Cloud Native Deployments of Bare-Metal AI Workflows

Built in collaboration with MIT, MOC, Red Hat, and BU

Index

BigGan Deep Learning
Video Demonstration
Code Directory Tree
HPC to Cloud
Deployment Instructions
Project Proposal
Sprint Presentations
Project Report

BigGAN Deep Learning

To understand the AI workflow (BigGAN) we will be porting from Satori into MOC's OpenShift, please visit this page here.

Code Directory Tree

workflows/
└── BigGAN
    ├── README.md
    ├── cpu # Running cpu-only workflow on Openshift
    │   ├── Dockerfile
    │   ├── requirements.txt
    │   └── run.sh
    └── gpu # Running gpu workflow on Openshift & Satori
        ├── openshift # Openshift-related scripts and configs
        │   ├── Dockerfile
        │   ├── configs
        │   │   ├── buildconfig-gpubiggan.yaml
        │   │   ├── deployconfig-gpubiggan.yaml
        │   │   └── pod-biggan.yaml
        │   └── scripts
        │       ├── calc_inception_moments.sh
        │       ├── entrypoint.sh
        │       ├── make_hdf5.sh
        │       ├── run.sh
        │       ├── run_biggan128_imagenet.sh
        │       └── sysbench-cpu-load.sh
        └── satori # HPC-related scripts and configs
            └── scripts
                ├── biggan128_imagenet.lsf
                ├── calculate_inception_moments.lsf
                └── make_hdf5.lsf

Video Demonstration

Here we will roughly outline the project, challenges, as well as visualized deployment instructions. Our YouTube video.

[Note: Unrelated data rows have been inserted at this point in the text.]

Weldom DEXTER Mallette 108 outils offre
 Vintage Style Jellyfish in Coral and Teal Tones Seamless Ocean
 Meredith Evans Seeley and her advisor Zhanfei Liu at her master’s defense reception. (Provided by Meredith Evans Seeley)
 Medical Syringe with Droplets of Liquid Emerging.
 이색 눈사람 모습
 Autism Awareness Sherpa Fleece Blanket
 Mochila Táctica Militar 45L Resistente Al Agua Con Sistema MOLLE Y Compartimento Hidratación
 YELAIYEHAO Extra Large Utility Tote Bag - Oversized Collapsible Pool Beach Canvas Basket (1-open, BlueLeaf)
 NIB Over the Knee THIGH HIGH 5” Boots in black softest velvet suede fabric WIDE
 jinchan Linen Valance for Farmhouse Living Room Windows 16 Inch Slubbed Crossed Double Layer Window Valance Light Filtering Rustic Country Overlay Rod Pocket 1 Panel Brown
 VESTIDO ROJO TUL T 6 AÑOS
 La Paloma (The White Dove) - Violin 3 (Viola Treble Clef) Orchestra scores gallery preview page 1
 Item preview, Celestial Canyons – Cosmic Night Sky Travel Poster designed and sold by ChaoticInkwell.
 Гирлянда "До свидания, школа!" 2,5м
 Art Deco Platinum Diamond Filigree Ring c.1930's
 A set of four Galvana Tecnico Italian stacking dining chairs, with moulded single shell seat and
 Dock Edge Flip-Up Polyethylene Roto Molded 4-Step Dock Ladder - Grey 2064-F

Summary to get BigGAN from an HPC to the Cloud

Here we will outline a general summary of changes we had to make in order to get our AI workflow, BigGAN, from MIT's Satori into the MOC (that is bootstrapping OpenShift). This can be extendable to many applications so that an application running in an HPC environment could be brought to a cloud native environment in a more facilitaed fashion.

Because this is newfound territory and is cutting-edge at the moment, users attempting such a transition might find themselves with other, unmentioned difficulties, but these will serve as a general guide/solution.

1. Base Image Update

Note: we are building our base image on top of IBM's PowerAI base image using interactive mode. This can be done on any POWER9 machine that is running docker.

Here's a tutorial for building new (updating existing) PowerAI base image that runs on MOC-OpenShift.
If you do not have a volume mounted on OpenShift, you will have to copy data into the container:
- In our case, we copied a subset of the Imagenet data tmpdata in our base image (that we pull from dockerhub here).
If you do have sufficient volume mounted, then you can specify the additional packages your environment will need:
- In our case we needed git to clone our GitHub repo (and BigGAN), sar to monitor system processes, and sysbench to further monitor performance of our workflow.

2. Dockerfile

The Dockerfile is for OpenShift's BuildConfig to build new images from our base image. We provided this Dockerfile for the following reasons:

Once users push new codes to their GitHub repositories, they can simply trigger BuildConfig to build new images with new codes updates.
Since OpenShift uses a default user id while running a container from the image we built, and that user ID DOES NOT have a matched user name -- the Anaconda environment cannot work since to initialize and activate the Anaconda envrionment, there needs to be a user name. We used some 'hack' code (provided by OpenShift) in entrypoint.sh to assign a user name to this default user ID. We do not want to hardcode it inside the image since this user ID may change in the future, even though currently OpenShift gives this ID with a fixed value.
Clone our workflow code from the GitHub repository in our Dockerfile -- we do not want to hardcode it since code may change frequently in the future.
Set up the work directory since the default work directory is / (system root directory).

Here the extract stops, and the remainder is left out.